If I have to sum up my decade and a half of struggling with trichotillomania (hair-pulling), I would without a second thought answer: shame.
I have no problem writing and talking about my struggle with an eating disorder or anxiety– I do it often in the Where I Stand blog. However, I perceive a special stigma associated with hair-pulling. Excluding my therapist, who specializes in OCD and obsessive-compulsive-related disorders, I have not had good experiences talking about this issue with therapists in the past. There is a level of uncomfortability with the subject I detect on their faces.
The pervasive shame includes my self-talk during these pulling periods, such as, “Why can’t I stop?
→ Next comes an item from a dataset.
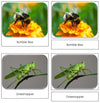Insects Safari Toob Cards - Montessori Print Shop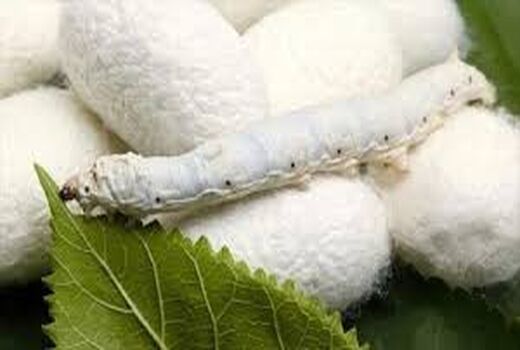 توزیع 180 جعبه تخم نوغان به متقاضیان در دستور کار است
What’s wrong with me?” It isn’t socially acceptable to discuss a hair-pulling struggle. Over the years, I have explicitly or implicitly heard the message, “Get it together. That’s gross.” Perhaps that’s an exaggerated shame thought, but it is still one that I believe is grounded in some reality.
My initial shame from feedback on my patchy eyelashes was so pervasive, I forced myself to stop pulling. Then a year later, the pulling transferred to another area of my body. I still struggle with trich. While I don’t pull every day, I go through phases of intense hair pulling that last between a few days and a few weeks. Then it lies dormant for several months until the next bout occurs.
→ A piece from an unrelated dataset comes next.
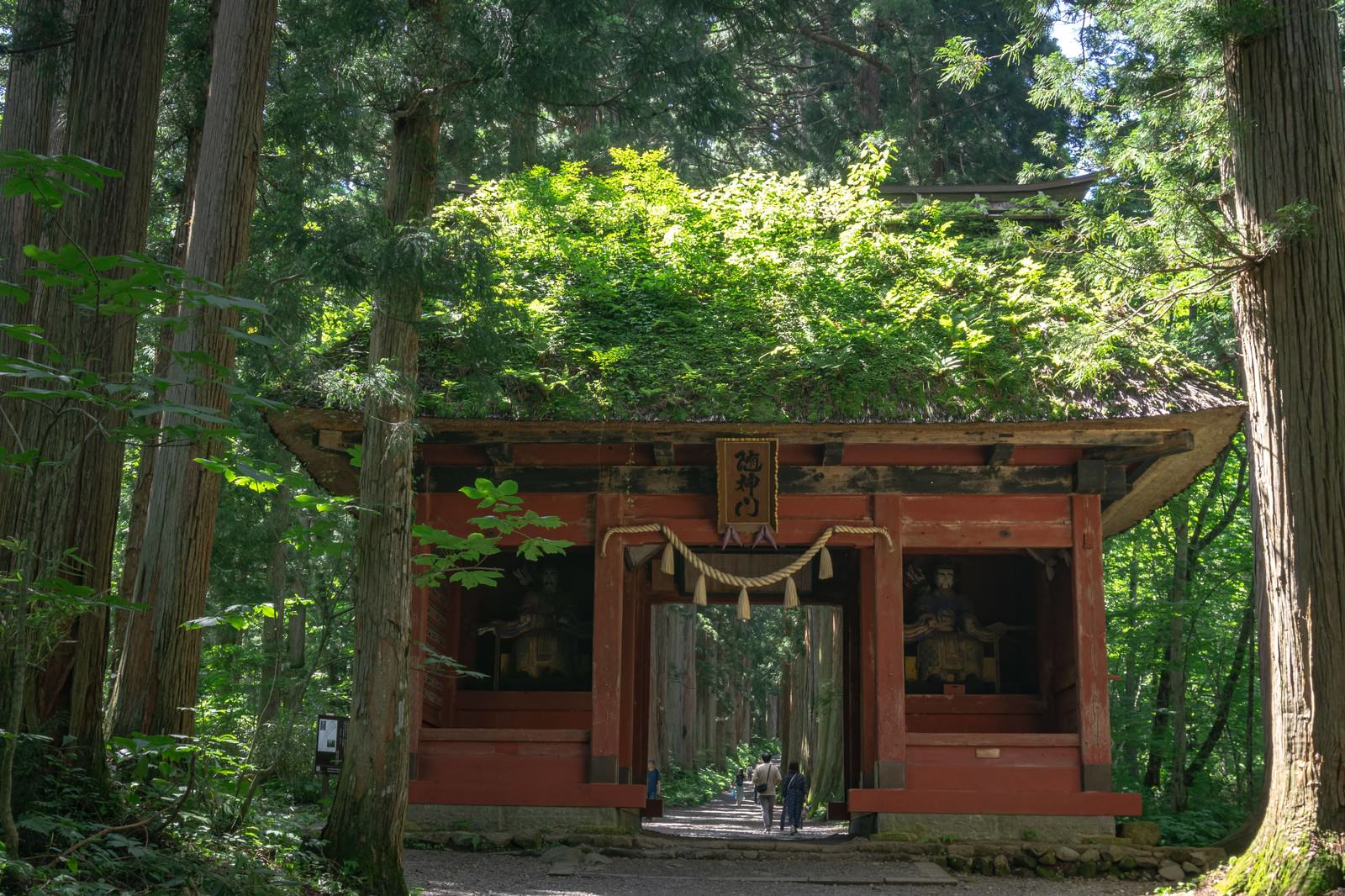 深い杉林に囲まれた参道に建つ戸隠神社奥社の茅葺屋根の随神門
Even though trich is relatively rare, it does exist, and many of those who suffer are silent, humiliated, or maybe even ashamed. This disorder is an obsessive-compulsive spectrum disorder, so trich is often correlated with OCD, an anxiety disorder, depression, and/or excoriation (skin-picking disorder). At age 8, I developed compulsive skin-picking on a family vacation and experienced similar shame. I also struggled with OCD and general anxiety starting at a young age. Given this host of other symptoms, I suppose it was no wonder that I developed trich. Still, when it developed, it was an unwelcome, secret, embarrassing new reality.
It is a reality that is not discussed much, not even in the mental health community.
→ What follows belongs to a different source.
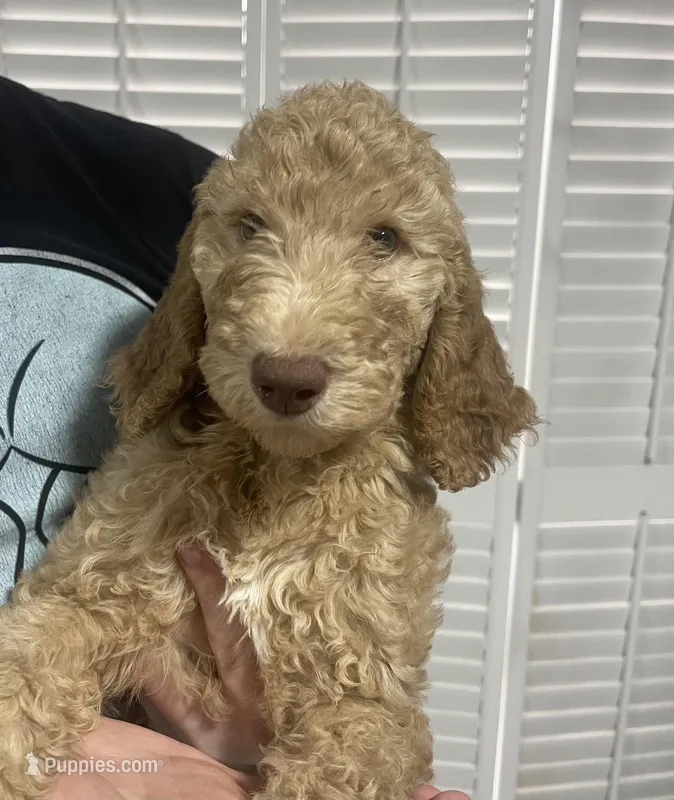 Piper – Goldendoodle puppy for sale in Nederland, TX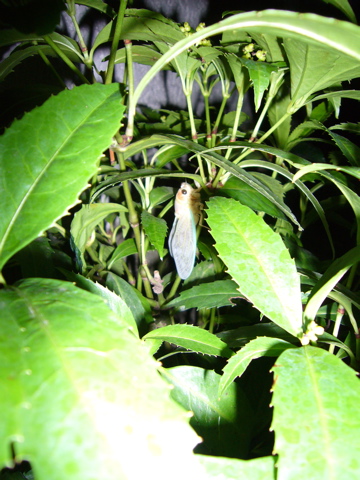 e0058443_224362.jpg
I wish I could tell you I’ve worked through my intense shame about my trichotillomania struggle, but I haven’t. Even now, I am hesitant to talk about these symptoms to my therapist of three years. I don’t want to tell her about the hours in the bathroom pulling or the web of rituals surrounding pulling. I am comfortable disclosing the darkest moments of my eating disorder or other obsessive-compulsive rituals, but when it comes to hair-pulling I try to shy away from details.
If you struggle or have struggled with trichotillomania, here is my message to you: I feel you. I understand your shame, because I still have it myself. I wish I could take away my struggle with hair-pulling, and I’d take away yours too. I know how time-consuming and humiliating trich can be. I’ve heard shameful comments that I’m sure you’ve heard as well. Keep your chin high, and don’t listen to those who shame you when you likely already shame yourself. I hope you’ve talked to a mental health professional who understands your issue and doesn’t judge. If that person doesn’t get it, I suggest you find a new therapist– they’re out there. Even though my trich symptoms have been dormant for a few months, I know they’ll come back eventually, and that scares me. You are not alone. Trich is so isolating and shameful that it’s hard to imagine someone there in solidarity– I get that. Voicing my struggle and giving it a name were two steps I took against the secrecy and shame, and maybe that might be a step for you. It seems like such a solitary struggle, but there are many of us.
My name is Charlotte and this is Where I Stand.